This is the mail archive of the
mailing list for the Cygwin project.
Re: [RFC] Globally creating a user and a group "root"
At 10:56 AM 11/12/2003 +0100, Corinna Vinschen wrote:
>On Tue, Nov 11, 2003 at 01:22:50PM -0500, Pierre A. Humblet wrote:
>> This indeterminacy might cause headaches during the transition period,
>> it's hard to foresee all ramifications.
>I'm running my system for at least a year with two group entries,
>root:S-1-5-32-544:0: and admin:S-1-5-32-544:544: and I never saw any
>negative influence. It's the same group from the Windows point of view
>so no problems from that side. It's basically just another name and gid
>for the same user.
Exim can be quite picky about permissions. If it expects 544 it won't be
happy with 0. But I will fix all that in the next release.
>> This being said, exim shouldn't care as long as 544 maps to S-1-5-32-544.
>> It autodetects if it is privileged and, if so, setgid(544) & setuid(18)
>> to normalize its environment (that was done with Windows 2003 in mind).
>I don't understand. You were the one who figured out the 2003 problem
>with the SYSTEM account. So, erm...
No sure what you mean.

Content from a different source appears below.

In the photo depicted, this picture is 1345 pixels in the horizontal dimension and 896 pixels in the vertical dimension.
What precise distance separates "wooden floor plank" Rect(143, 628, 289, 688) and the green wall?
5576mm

Recall that when we setuid(18) we use the privileges
that are defined for SYSTEM in security.cc, not those that MS assigns on 2003.

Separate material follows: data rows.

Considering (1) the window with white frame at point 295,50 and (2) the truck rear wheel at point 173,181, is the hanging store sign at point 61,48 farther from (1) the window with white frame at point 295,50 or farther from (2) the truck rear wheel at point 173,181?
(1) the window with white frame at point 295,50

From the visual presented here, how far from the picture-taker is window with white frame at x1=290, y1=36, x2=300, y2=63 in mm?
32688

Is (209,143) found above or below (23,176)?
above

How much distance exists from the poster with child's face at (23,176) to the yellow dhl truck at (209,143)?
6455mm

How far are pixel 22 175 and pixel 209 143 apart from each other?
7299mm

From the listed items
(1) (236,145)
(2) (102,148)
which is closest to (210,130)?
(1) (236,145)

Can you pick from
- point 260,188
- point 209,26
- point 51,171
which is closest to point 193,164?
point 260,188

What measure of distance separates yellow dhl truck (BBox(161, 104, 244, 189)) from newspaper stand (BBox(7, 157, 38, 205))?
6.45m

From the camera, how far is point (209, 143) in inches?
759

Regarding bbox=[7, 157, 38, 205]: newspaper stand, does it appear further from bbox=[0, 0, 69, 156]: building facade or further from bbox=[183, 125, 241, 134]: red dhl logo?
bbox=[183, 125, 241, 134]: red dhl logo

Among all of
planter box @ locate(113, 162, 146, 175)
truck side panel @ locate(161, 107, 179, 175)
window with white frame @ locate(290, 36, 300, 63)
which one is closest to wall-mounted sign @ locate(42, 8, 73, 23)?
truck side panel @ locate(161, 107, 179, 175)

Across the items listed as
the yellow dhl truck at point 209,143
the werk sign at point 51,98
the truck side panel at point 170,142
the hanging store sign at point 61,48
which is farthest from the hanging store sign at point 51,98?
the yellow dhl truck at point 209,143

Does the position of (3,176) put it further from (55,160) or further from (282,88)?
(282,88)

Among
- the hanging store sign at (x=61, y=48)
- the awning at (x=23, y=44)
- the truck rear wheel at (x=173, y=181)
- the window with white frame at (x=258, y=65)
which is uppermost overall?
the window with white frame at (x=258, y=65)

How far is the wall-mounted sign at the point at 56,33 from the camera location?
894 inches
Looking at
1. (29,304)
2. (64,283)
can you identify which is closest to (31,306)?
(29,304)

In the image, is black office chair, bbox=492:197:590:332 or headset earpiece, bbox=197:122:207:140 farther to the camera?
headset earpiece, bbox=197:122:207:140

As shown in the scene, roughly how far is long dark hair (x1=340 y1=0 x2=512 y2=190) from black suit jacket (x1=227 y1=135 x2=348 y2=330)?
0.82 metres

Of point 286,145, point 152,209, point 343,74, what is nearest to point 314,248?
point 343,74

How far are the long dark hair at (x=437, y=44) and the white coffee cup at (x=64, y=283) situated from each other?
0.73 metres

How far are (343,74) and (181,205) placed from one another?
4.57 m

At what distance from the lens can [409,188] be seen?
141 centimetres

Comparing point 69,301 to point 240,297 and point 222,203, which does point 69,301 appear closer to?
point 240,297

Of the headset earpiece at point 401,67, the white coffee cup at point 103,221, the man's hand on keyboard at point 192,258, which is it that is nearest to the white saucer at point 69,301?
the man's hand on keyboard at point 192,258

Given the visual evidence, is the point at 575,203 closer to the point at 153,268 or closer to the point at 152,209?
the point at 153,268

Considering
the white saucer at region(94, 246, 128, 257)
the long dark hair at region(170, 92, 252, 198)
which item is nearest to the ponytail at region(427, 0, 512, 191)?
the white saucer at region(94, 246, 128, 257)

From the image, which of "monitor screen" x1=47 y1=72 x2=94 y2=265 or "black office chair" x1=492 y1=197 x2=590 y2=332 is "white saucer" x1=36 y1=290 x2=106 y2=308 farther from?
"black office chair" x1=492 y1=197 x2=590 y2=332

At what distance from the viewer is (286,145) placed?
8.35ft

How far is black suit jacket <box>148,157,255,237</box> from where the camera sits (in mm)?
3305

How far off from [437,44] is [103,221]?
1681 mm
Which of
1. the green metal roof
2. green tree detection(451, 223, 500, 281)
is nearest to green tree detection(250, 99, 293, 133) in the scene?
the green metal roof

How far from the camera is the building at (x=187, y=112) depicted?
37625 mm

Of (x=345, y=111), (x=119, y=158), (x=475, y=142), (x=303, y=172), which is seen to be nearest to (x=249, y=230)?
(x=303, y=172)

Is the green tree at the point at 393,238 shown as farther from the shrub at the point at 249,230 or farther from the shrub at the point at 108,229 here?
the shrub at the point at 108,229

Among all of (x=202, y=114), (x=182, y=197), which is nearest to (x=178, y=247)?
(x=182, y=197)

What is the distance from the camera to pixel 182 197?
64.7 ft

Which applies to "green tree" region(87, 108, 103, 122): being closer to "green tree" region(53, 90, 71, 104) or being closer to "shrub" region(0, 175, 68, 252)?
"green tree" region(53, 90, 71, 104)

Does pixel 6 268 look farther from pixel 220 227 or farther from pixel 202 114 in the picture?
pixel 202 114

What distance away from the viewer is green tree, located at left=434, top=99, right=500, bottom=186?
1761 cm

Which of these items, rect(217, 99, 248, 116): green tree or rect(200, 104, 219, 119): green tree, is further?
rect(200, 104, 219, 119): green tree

>> In summary, no problem (AFAICS) if 544 appears before 0. I need a decent
>> transition period before you reverse the order (affects only new
>> exim installs), and a long one before you get rid of 544 (affects existing
>IMHO we should not wait too long. At one point we must do it anyway
>and it's easy to make the transition for the user: just upgrade Cygwin
>and the affected packages. It's no step which actually destroys
>anything but it will help all 2003 users and also users of other systems
>since the new "root" account would circumvent any permission problems.

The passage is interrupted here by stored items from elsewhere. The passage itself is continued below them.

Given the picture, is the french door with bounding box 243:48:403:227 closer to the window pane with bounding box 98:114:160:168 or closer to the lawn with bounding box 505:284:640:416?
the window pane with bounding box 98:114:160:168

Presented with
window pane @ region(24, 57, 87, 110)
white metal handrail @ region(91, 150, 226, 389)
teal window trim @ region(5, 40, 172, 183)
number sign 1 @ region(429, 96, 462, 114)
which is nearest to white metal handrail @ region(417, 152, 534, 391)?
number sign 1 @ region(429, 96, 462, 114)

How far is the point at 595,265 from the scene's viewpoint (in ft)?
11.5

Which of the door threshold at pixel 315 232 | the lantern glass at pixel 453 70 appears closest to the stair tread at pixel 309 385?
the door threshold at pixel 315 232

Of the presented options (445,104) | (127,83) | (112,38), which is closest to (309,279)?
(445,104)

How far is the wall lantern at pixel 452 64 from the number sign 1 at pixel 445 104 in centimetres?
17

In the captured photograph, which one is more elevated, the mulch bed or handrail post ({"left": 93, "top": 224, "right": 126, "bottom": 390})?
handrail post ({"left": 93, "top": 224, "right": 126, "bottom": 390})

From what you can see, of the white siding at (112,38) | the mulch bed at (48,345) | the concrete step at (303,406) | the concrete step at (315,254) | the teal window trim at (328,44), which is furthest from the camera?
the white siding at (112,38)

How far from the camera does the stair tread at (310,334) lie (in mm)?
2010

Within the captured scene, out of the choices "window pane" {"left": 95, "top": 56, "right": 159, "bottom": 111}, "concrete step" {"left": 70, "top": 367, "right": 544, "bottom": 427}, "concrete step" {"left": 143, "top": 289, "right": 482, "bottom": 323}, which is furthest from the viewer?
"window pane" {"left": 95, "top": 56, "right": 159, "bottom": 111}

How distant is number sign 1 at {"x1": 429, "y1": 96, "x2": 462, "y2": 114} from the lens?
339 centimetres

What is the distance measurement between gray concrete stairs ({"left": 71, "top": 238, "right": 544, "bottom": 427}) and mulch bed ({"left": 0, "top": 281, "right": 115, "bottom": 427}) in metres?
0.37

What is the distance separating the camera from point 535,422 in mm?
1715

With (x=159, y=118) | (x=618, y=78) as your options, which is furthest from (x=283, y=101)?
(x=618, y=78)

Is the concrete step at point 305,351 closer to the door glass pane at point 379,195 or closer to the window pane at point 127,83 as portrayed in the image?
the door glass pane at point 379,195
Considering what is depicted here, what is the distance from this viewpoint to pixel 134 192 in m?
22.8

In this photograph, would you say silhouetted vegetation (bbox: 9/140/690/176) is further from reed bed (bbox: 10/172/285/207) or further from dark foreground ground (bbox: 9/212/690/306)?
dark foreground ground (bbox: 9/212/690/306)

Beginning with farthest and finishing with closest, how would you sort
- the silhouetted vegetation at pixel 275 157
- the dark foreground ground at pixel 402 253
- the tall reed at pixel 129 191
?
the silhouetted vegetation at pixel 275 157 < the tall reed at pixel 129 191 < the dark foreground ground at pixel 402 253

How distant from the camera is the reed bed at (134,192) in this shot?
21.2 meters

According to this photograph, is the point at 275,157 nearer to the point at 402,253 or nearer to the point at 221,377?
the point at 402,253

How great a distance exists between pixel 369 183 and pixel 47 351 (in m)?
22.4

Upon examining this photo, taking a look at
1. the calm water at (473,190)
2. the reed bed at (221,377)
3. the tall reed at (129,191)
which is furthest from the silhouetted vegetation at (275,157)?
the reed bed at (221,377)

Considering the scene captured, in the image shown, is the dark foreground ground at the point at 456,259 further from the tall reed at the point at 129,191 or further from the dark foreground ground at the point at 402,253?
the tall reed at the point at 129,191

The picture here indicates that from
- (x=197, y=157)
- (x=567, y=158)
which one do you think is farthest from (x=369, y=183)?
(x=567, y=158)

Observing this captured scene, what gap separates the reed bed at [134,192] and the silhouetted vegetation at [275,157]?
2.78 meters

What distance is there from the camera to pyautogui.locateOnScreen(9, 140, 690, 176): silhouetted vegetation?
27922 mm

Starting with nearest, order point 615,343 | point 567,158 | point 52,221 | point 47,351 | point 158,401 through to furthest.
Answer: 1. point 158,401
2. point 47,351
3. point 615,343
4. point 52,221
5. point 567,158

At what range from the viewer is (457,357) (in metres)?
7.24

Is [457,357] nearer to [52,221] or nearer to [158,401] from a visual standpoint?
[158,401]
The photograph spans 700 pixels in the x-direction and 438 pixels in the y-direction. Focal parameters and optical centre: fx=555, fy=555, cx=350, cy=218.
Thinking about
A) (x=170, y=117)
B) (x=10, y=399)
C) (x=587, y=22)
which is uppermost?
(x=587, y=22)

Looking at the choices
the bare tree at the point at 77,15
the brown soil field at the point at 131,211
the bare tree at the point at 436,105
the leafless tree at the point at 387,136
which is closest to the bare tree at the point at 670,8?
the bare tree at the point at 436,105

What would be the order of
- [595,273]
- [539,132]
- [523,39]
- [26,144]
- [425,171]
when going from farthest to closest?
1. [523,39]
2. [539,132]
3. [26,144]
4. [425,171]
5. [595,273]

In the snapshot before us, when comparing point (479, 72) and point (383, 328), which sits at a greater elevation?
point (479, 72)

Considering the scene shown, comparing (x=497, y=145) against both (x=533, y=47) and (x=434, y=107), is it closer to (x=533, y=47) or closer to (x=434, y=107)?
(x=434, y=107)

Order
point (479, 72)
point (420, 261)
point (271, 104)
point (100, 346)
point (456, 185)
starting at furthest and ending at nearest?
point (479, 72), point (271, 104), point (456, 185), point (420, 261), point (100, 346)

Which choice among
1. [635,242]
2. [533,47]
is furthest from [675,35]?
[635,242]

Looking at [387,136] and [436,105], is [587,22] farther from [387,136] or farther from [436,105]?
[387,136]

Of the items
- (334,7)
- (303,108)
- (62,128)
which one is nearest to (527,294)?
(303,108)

>If a new Windows requires new privileges to do the really interesting
>stuff, just add them to "root" and you're done. Knock on wood...
>Anyway, I think we should add "root/0" to /etc/group so that it comes
>before the "administrators/544" entry right from the beginning. What
>happens in an exim installation then?
Actually it works just fine, and both 544 and 0 appear in id.
Patting myself on the back :)
I have one extra comment: Cygwin introduces a number of security holes,
which I have started to plug. The fixes to the biggest ones
seem to be stalled, and there are still a number of other patches to come.
By introducing the root user on 2003 we are undoing positive steps taken by
We should warn the user of the current privilege escalation risk.